> _INFORMATION SHOWN_:
****

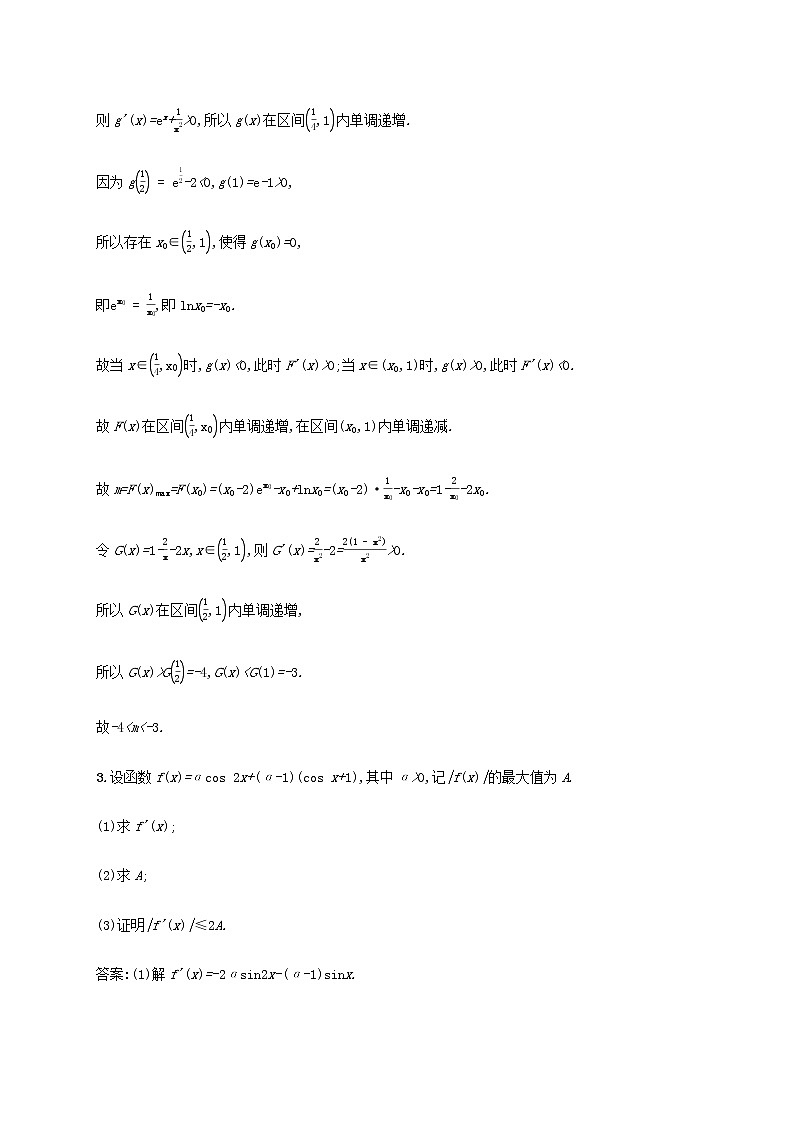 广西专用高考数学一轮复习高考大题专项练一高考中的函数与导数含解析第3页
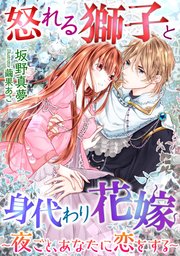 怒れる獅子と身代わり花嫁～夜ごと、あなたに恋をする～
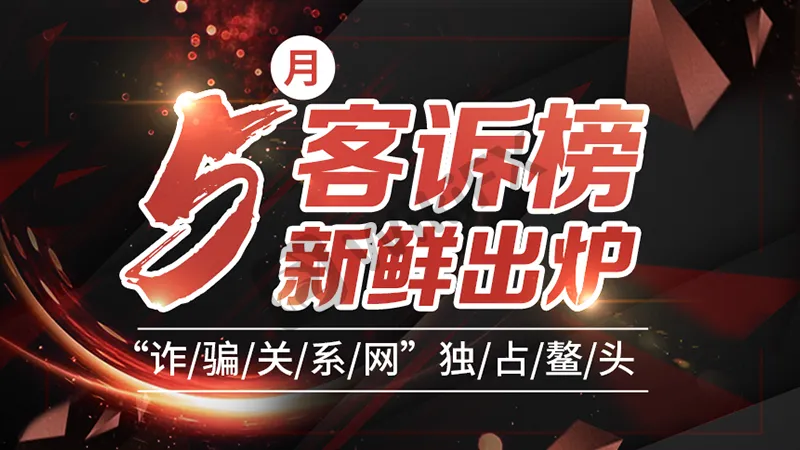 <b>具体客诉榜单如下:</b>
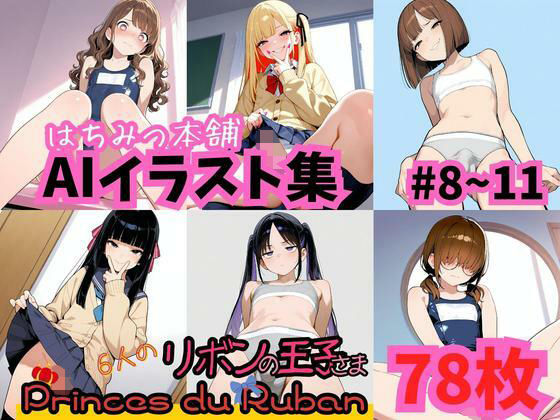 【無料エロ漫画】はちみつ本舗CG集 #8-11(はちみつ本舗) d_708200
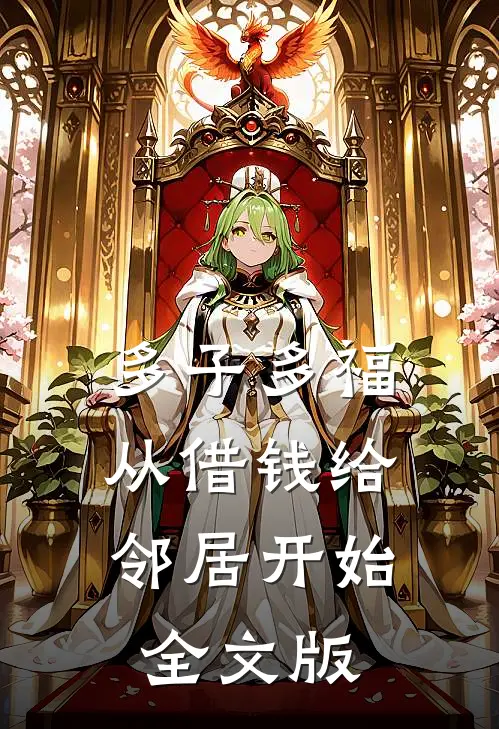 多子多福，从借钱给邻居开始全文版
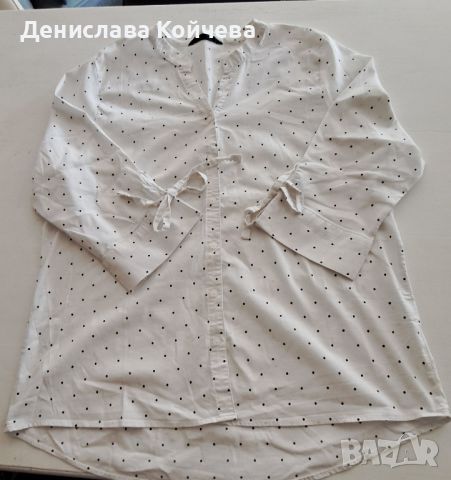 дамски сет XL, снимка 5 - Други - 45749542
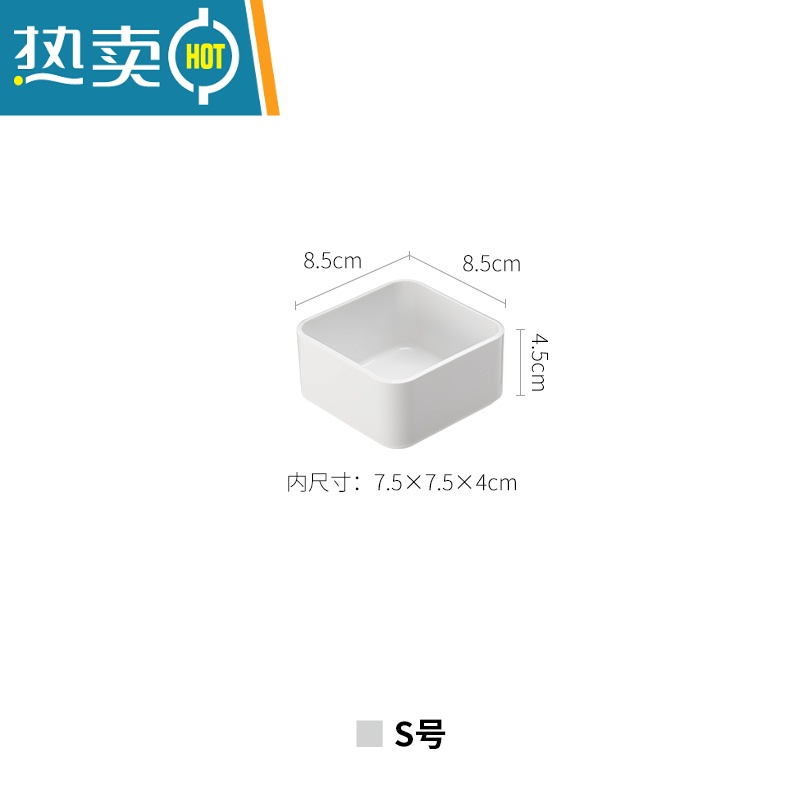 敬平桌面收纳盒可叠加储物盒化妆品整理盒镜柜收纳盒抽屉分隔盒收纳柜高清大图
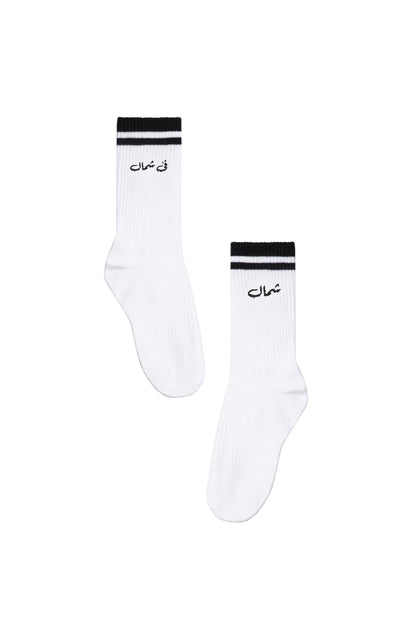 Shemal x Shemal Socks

****

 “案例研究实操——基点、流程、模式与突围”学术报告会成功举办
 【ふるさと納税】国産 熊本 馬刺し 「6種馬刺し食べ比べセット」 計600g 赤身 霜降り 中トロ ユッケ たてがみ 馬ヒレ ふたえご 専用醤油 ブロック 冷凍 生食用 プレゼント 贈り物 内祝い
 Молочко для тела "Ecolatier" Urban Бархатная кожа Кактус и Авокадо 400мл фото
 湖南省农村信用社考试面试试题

****

> _WHAT YOU HAVE TO DO_: Quote the data above exactly from the line with "敬平桌面收纳盒可叠加储物盒化妆品整理盒镜柜收纳盒抽屉分隔盒收纳柜高清大图" to the line with "Shemal x Shemal Socks", both ends counted, and nothing else. Pictures don't go in.

> _OUTPUT_:
 敬平桌面收纳盒可叠加储物盒化妆品整理盒镜柜收纳盒抽屉分隔盒收纳柜高清大图
 Shemal x Shemal Socks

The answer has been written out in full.